Even today many diners share an archetypal exterior form. Some of the earliest were converted rail cars, retaining their streamlined structure and interior fittings. From the 1920s to the 1940s, diners, by then commonly known as "lunch cars", were usually prefabricated in factories like modern mobile homes and delivered on site with only the utilities needing to be connected. As a result, many early diners were typically small and narrow in order to fit onto a rail car or truck. This small footprint also allowed them to be fitted into tiny and relatively inexpensive lots that otherwise were unable to support a larger enterprise. Diners were historically small businesses operated by the owner, with some presence of restaurant chains evolving over time.
Diners typically serve staples of American cuisine such as hamburgers, french fries, club sandwiches, and other simple, quickly cooked, and inexpensive fare, such as meatloaf. Much of the food is grilled, as early diners were based around a gas-fueled flat-top. Coffee is a diner staple. Diners often serve hand-blended milkshakes and desserts such as pies, which are typically displayed in a glass case. Comfort food cuisine draws heavily from, and is deeply rooted in, traditional diner fare.
Classic American diners often have an exterior layer of stainless steel siding—a feature unique to diner architecture. In some cases, diners share nostalgic, retro style features also found in some restored drive-ins and old movie theatres.
A crude precursor of the diner was created in 1872 by Walter Scott, who sold food out of a horse-pulled wagon to employees of the Providence Journal, in Providence, Rhode Island. Scott's diner can be considered the first diner with walk-up service, as it had windows on each side of the wagon. Commercial production of such "lunch wagons" began in Worcester, Massachusetts, in 1887, by Thomas Buckley. Buckley was successful and became known for his "White House Cafe" wagons. Charles Palmer received the first patent (1893) for the diner, which he billed as a "Night-Lunch Wagon." He built his "fancy night cafes" and "night lunch wagons" in the Worcester area until 1901.
As the number of seats increased, wagons gave way to pre-fabricated buildings made by many of the same manufacturers which had made the wagons. Like the lunch wagon, a stationary diner allowed one to set up a food service business quickly using pre-assembled constructs and equipment.
Jerry O'Mahony (1890-1969) of Bayonne, New Jersey, is credited by some to have made the first such "diner". The O'Mahony Diner Company of Elizabeth, New Jersey, produced 2,000 diners from 1917 to 1952. Only approximately twenty remain throughout the United States and abroad.
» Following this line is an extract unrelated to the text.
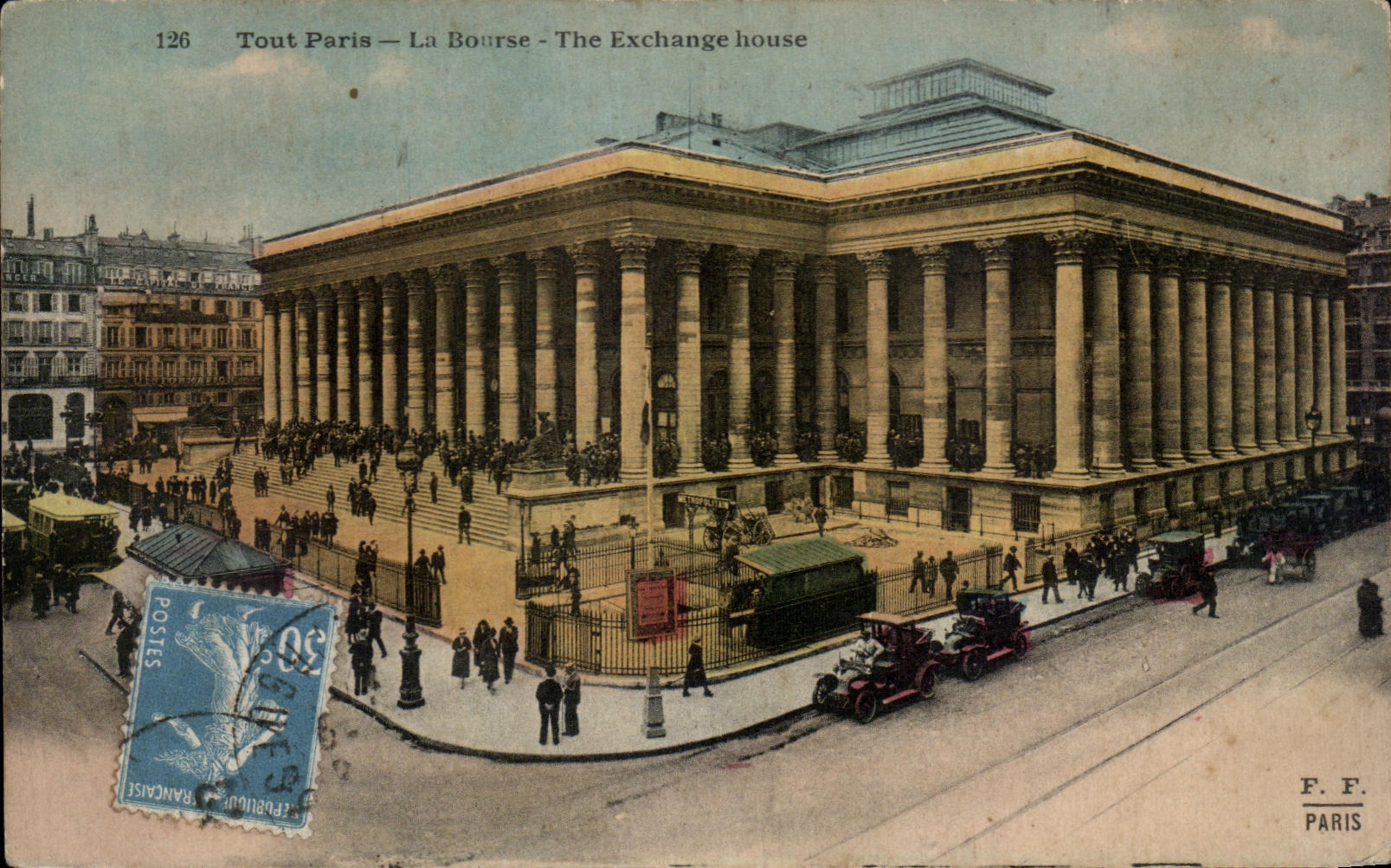 CPA Any Paris the Stock Exchange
Others more credibly credit Philip H. Duprey and Grenville Stoddard, who established the Worcester Lunch Car and Carriage Manufacturing Company in Worcester, Massachusetts, in 1906, when O'Mahony was still just 16.
Until the Great Depression, most diner manufacturers and their customers were located in the Northeast. Diner manufacturing suffered with other industries during the Depression, though not as much as many industries, and the diner offered a less expensive way of getting into the restaurant business as well as less expensive food than more formal establishments. After World War II, as the economy returned to civilian production and the suburbs boomed, diners were an attractive small business opportunity. During this period, diners spread beyond their original urban and small town market to highway strips in the suburbs, even reaching the Midwest, with manufacturers such as Valentine. After the Interstate Highway System was implemented in the U.S. in the 1960s, diners saw a boom in business as mobile travellers would stop for a meal.
In many areas, diners were superseded in the 1970s by fast food restaurants, but in parts of New Jersey, New York, the New England states, Delaware, and Pennsylvania, the independently-owned diner remains relatively common. Since the 1970s, most newly constructed diners lack the original narrow, stainless steel, streamlined appearance, and are usually much bigger buildings, though some are still made of several prefabricated modules, assembled on site, and manufactured by the old line diner builders. A wide variety of architectural styles were now used for these later diners, including Cape Cod and Colonial styles. The old-style single module diners featuring a long counter and a few small booths sometimes now grew additional dining rooms, lavish wallpaper, fountains, crystal chandeliers and Greek statuary. The definition of the term "diner" began to blur as older, prefabricated diners received more conventional frame additions, sometimes leaving the original structure nearly unrecognizable as it was surrounded by new construction or a renovated facade. Businesses that called themselves diners but which were built onsite and not prefabricated began to appear. These larger establishments were sometimes known as diner-restaurants.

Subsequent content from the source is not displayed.